You hear all kinds of stories in a bar. Booze... it brings out the best in some, and the worst in everyone else. If you sit there long enough, you might hear someone's entire life story, whether you asked for it or not.
As an ex-cop, ex-convict, ex-drug dealer, ex-drug addict, ex-soldier, recent derelict, and a once loving father and husband, Feb has a lot of stories. He's currently a scumbag. He has been his whole life. It's the only constant.
But, he wants to be better. He wants to do good. Or, at least, be less of a scumbag. If only he could figure out how...
At the Knowlton Tavern, Feb recalls his earliest memories being the latchkey kid of a prostitute mother in a destitute, gang controlled neighbourhood. Becoming an errand boy for the Mafia was his first mistake. The second was surviving his punishment. Though barely, and far from unscathed.
Since then, he has been consumed and motivated by revenge. Though death and tragedy would come to define his existence, it's like they say: You always remember your first. In Feb's case, it was the first domino which put him on a brutal and unavoidable path.

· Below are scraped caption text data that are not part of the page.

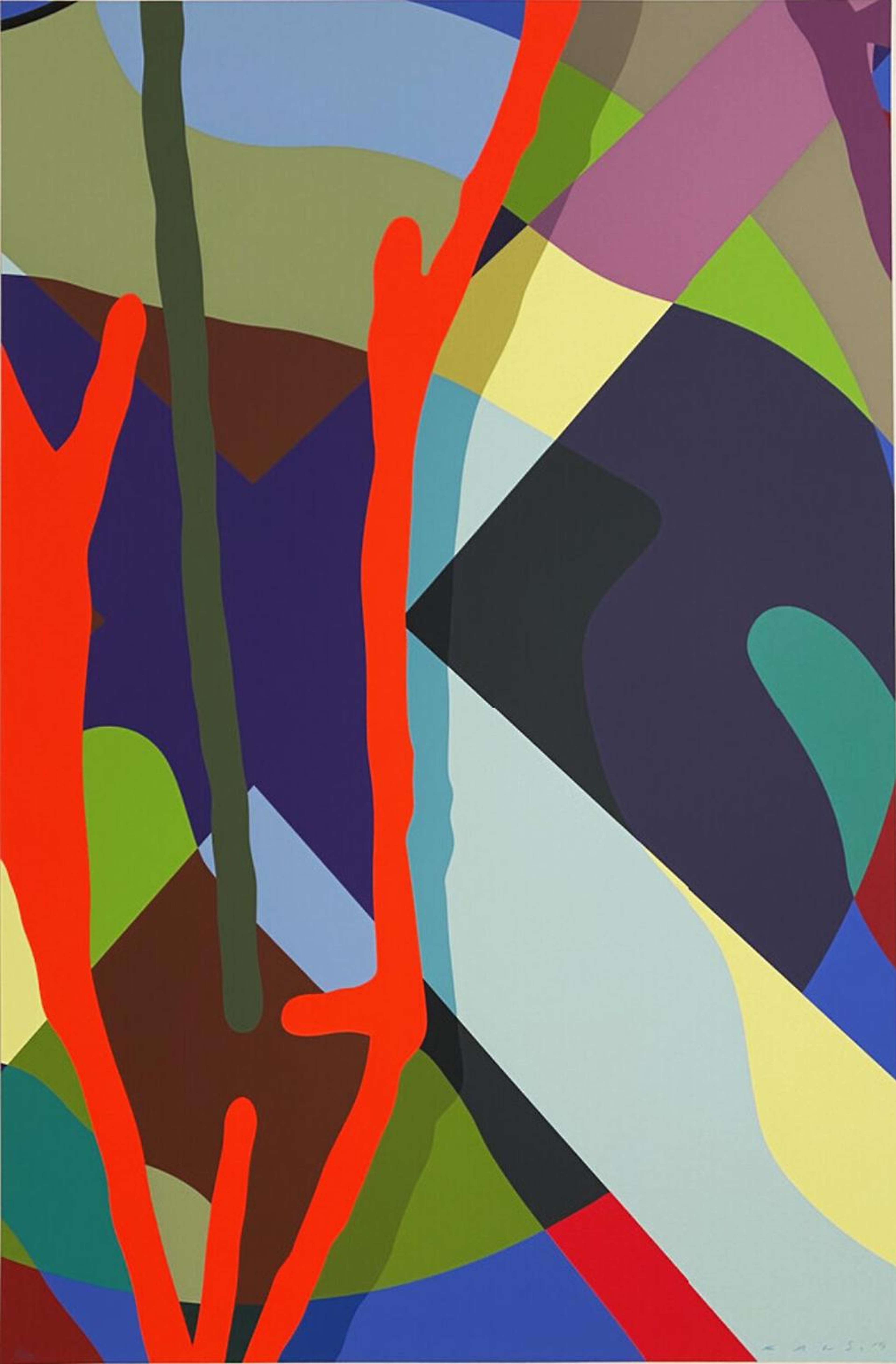 KAWS, « Tension 7 ». Une sérigraphie représentant des formes et des lignes aux motifs de graffiti dans diverses couleurs.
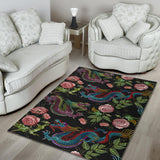 Dragons Flower Pattern Area Rug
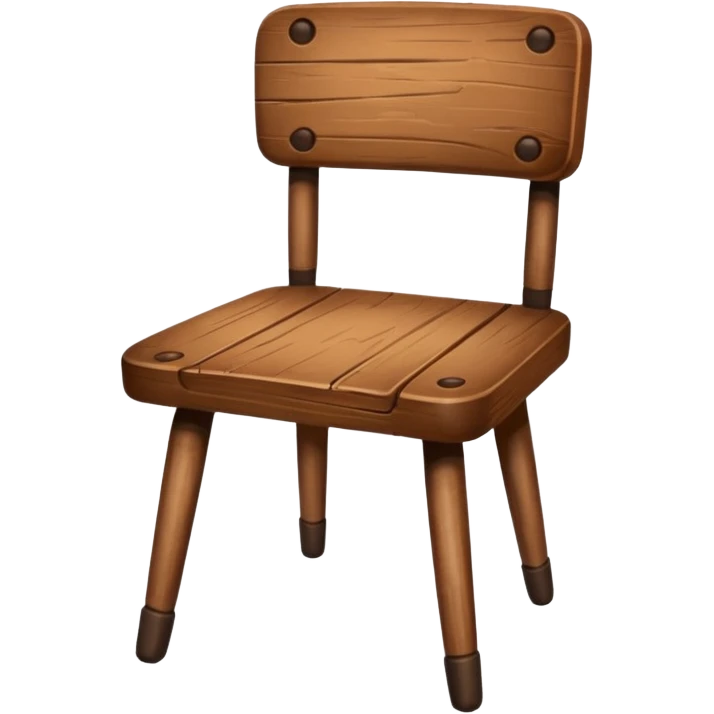 Wooden chair with on with three leg emoji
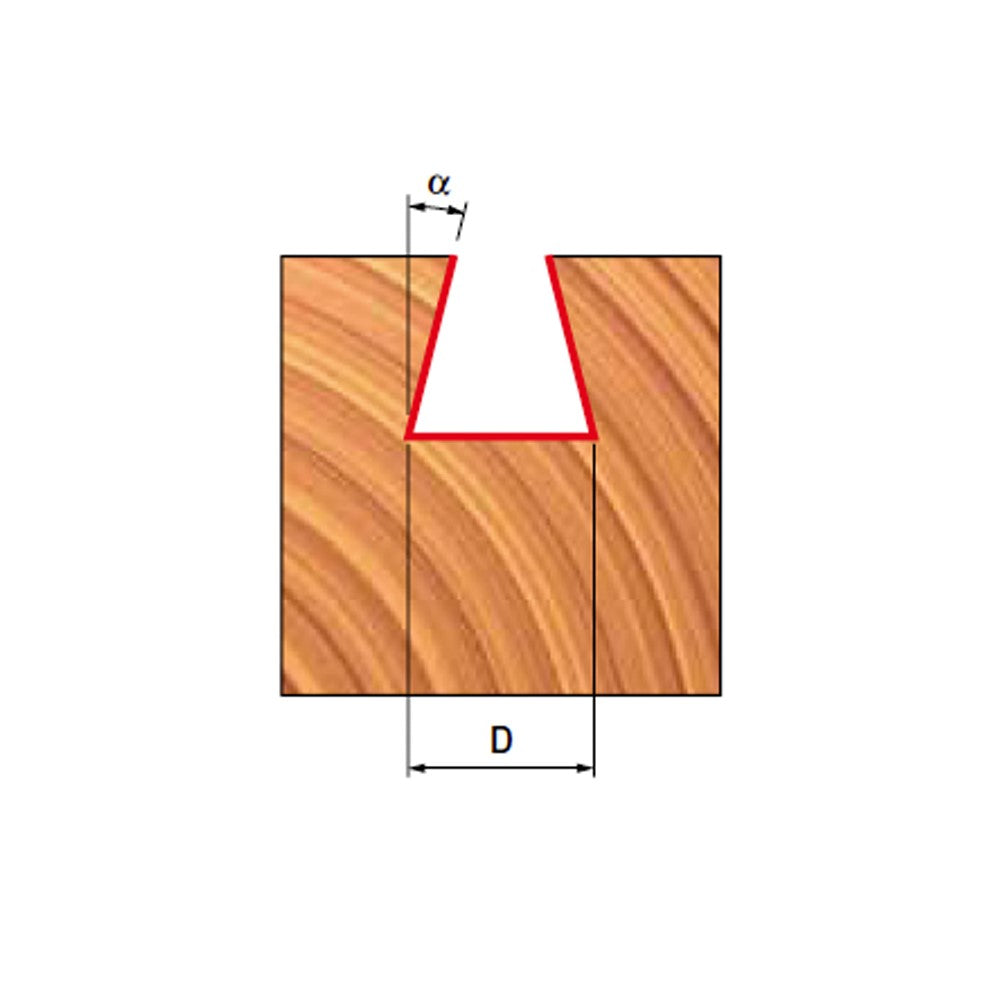 Freud Dovetail Router Bit creating precise 14-degree angle joints for drawers and furniture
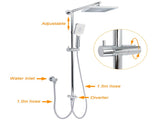 WELS Square Plastic Shower 8" Rainfall Head 3 Mode Handheld Sliding Rail Wall Arm Twin Taps V1233-HS002M4CSC842SS0801CPF0272A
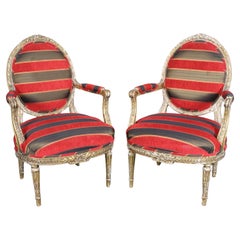 Superb Pair Chippy Antique Giltwood French Carved Louis XVI Armchairs Circa 1920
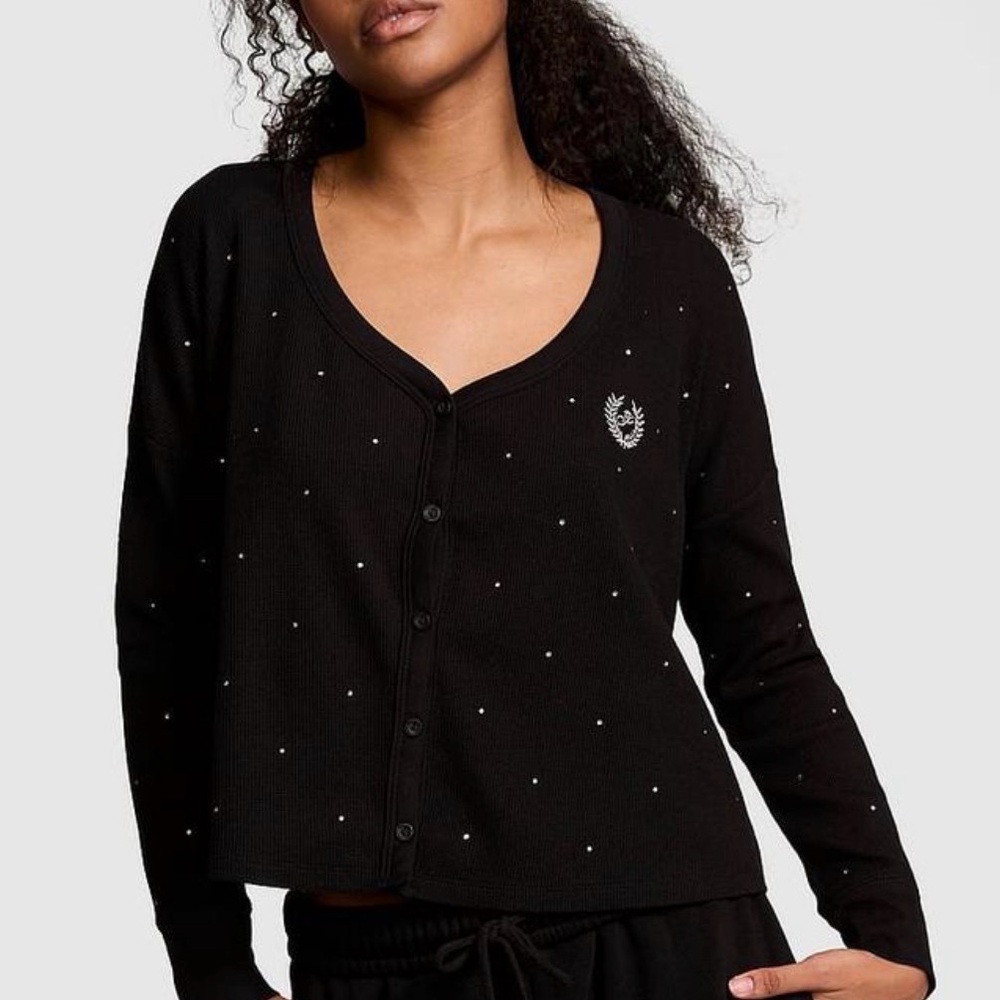 Black Button-Up Cardigan with Tiny Silver Dot Embellishments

When his chance arrives, this career criminal with a broken moral compass finds himself at a crossroads. The first real test in his road to recovery. Do good or do bad. Prove that he's genuinely committed to changing for the better, or give in to his habit of violence and mayhem and do what he does best.
Or, try his hand and both.
To be a scumbag or not to be...
SCUMBAG REHAB is the first chapter in the February Sessions series. The novel provides a stylized and absorbing experience which combines the gratuitousness of grindhouse-era film with the mood and tone of pulp and noir fiction. The use of foul language, vulgarity and sex is abundant. Visual and daunting, this gut-punch symphony will appeal to fans of Frank Miller, Bukowski, Palahniuk and other darkly humoured, subversive works of art.
If that barstool happens to be plugged into the wood at the Knowlton Tavern, then the story you would be hearing might belong to James 'Feb' February. Only at a dive bar full of the most desperate, strange societal castaways could an individual such as him share a story like his.